The global research system has the general characteristics of a complex system. Its adaptive nature distinguishes it from a complex physical system. At different levels of observation the evolution of the impact tended to be scale-invariant. The scaling exponent decreased toward a value of <3.0 as the distributions evolved. However, in some subfields the exponents became <3.0 within the first few years of their evolution.

Scale-invariant correlations exist between the growth of impact & size over time and between impact and size across fields & subfields at points in time. The scaling exponents of the later correlations are systemic measures of the ‘average impact’ of all the fields or subfields in the system. This scale-invariant correlation can be used as a reference function to calculate a scale-independent measure of how much impact a field or subfield is having relative to the average system impact.

A scale-invariant property has a unique characteristic. It is solely characterized by a power law f(x) = kxα where α is a constant that quantifies the scale-invariant property. Due to its recursive or self-similar characteristics any natural community drawn from a population exhibiting a scale-invariant property will display that scale-invariant property too. Since the global research system is a complex innovation system with scale-invariant characteristics then any research system within it is likely to be a complex system with scale-invariant properties too.

This recursive property is useful. For example, it can be difficult to determine if the probability distribution of a property for smaller groups is scale-invariant. However, if it can clearly be shown that a property is scale-invariant at higher levels of aggregation then it can be said with increased certainty that it is likely scale-invariant at low levels too.

What are the implications for policy makers? Perhaps the most important take away is scale-invariance is natural and it is frequently found as an emergent property of a complex innovation system. Finding reliable measures to describe scale-invariant emergent properties is a concern. Many measures are based on population averages that are useful only when the scaling exponent of the underlying distribution is ≥ 3.0. Generally speaking real-world scale-invariant distributions tend to become <3.0 as the system evolves. Moreover, as group size decreases it is more likely to become <3.0 early in its evolution. On the other hand scale-independent measures based on emergent properties are useful throughout the lifetime of the system irrespective of the magnitude of the variance. Furthermore, only a small number of scale-invariant functions are needed to create a scale-independent evolutionary model of properties of a complex innovation system.

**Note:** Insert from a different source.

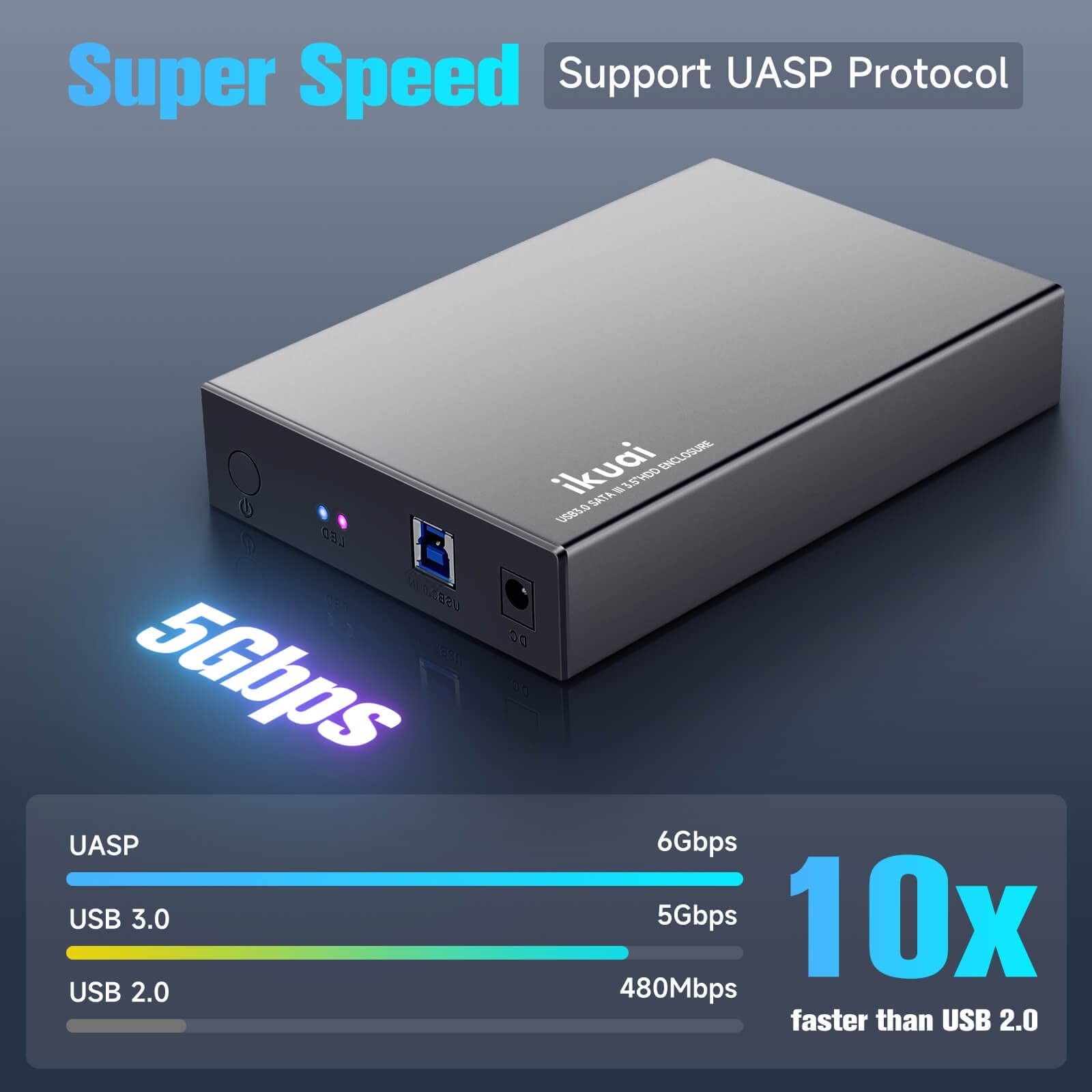 Hard Drive Enclosure 3.5″ Aluminum USB 3.0 / USB C to SATA Hard Drive Dock Ca…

Some scientometricians claim that measures based on standard field-normalization procedures that use average field citations as normalization factors work well in practice. This may be true for scale-invariant distributions with scaling exponents >3.0. However, few, if any, rigorous comparisons have been made on the effect that field normalized and scale-adjusted measures have on the rankings of performance measures from distributions with scaling exponents <3.0 or with a mixture of scaling exponents <3.0 & >3.0. Further research on this matter is warranted to ensure that policy makers are getting an accurate evidence- based view of the innovation systems that are the targets of their policies.

The focus of this article was to explore the question “What is a complex innovation system?” The current research on scale-invariant properties of innovation systems and methodologies for determining their existence was reviewed. Finally, proven methods were applied to measures of impact and size to illustrate a variety of scale-invariant properties of the global research system. The global research system has characteristics of a complex adaptive system and it exhibits a variety of scale-invariant properties indicative of self-organizing processes. Most, if not all, innovation systems are complex systems. Scale-independent evidence based measures capture naturally occurring but rarely quantified emergent properties of a dynamically evolving complex innovation system. Scale-independent measures and models would be useful tools to include in any basket of measures used to inform innovation policy.